Just not worth bothering, no one sees mine so will leave till warmer. Just rely on the sealant I put on in September. Unless a paid job I don't clean my car anymore, I just don't have time, Morrisons power wash does the job for the detailing wagon.


----------



## -Kev- (Oct 30, 2007)

joys of white wheels - this is one week since last clean :lol:



















not sure what the black dots are in the pics, looks like the camera lens on my phone is marked :wall:


----------



## leachy (Sep 20, 2011)

Kev's Fiesta looks clean in comparison to mine but I guess that's the price of having to drive 500 miles a week. I'm hoping though that it'll be warm enough on Wednesday to wash it and in a slightly perverse way I'm looking forward to it as the results will be worth the effort.
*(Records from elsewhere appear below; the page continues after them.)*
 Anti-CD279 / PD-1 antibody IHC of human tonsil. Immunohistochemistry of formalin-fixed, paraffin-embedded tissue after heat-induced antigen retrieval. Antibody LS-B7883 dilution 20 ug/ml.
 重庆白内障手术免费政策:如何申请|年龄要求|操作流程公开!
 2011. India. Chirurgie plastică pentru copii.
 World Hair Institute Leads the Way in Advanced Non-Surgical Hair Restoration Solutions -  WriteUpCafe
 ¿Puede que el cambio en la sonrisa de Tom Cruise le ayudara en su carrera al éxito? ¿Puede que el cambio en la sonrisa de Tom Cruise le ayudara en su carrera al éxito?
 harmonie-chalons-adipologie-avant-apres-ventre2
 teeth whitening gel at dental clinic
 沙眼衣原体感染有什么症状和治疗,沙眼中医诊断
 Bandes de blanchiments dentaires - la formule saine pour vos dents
I'll take pics as it's washed just to show how bad it is!


----------



## -Kev- (Oct 30, 2007)

good point, i only do about 100-150 miles a week..


----------



## leachy (Sep 20, 2011)

-Kev- said:


> good point, i only do about 100-150 miles a week..
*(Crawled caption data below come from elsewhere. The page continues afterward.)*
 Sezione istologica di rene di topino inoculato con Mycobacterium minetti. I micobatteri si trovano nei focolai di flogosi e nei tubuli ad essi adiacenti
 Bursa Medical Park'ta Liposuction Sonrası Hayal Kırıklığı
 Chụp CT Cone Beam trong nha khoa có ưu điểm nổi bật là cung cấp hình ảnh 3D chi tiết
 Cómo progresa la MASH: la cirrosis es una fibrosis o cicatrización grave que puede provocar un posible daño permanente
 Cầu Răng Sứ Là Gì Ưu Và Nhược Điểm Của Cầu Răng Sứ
I was referencing yours because I have the same car in the same colour. I'm trying not to wash it weekly but I'm finding it incredibly difficult in this weather. All it takes is a few motorway miles and it's covered in oily marks.

I'm hoping to try Werkstatt Acrylic next year in the hope it repels the dirt better than wax - not sure it will though.


----------



## Ninja59 (Feb 17, 2009)

Mine has not moved since last Thursday! lol  still hiding away


----------



## -Kev- (Oct 30, 2007)

it does, i swear by the werkstat jett sealant 
mines getting concours car care's ceramishield on wheels (after repaint), glass and paintwork (after its seen a spray gun on a few parts) in the spring. similar product to gtechniq C1


----------



## leachy (Sep 20, 2011)

I've been tempted by the C1 option. I'm definitely getting C5 for the wheels but waiting until the spring so that I can take them off the car for a full wash, de-tox, de-tar, IPA wipedown and seal.


----------



## Darlofan (Nov 24, 2010)

I've just spent the weekend driving from N Wales to Darlington and back and oh my god I nearly cried when I got there never mind back!! Another 200 miles to do tomorrow then local till I finish on Thursday so will have to get it washed then. Only thing is when it's this bad it looks so much better when done.


----------



## leachy (Sep 20, 2011)

Well here's how mine started today:










































After a rinse, APC, Spray Wash, 2BM Mitt Wash, drying and a layer of Project 32 it looked like this:


















































Much happier with it, except that after the 10 mile drive from my folks place to home it then looked like this!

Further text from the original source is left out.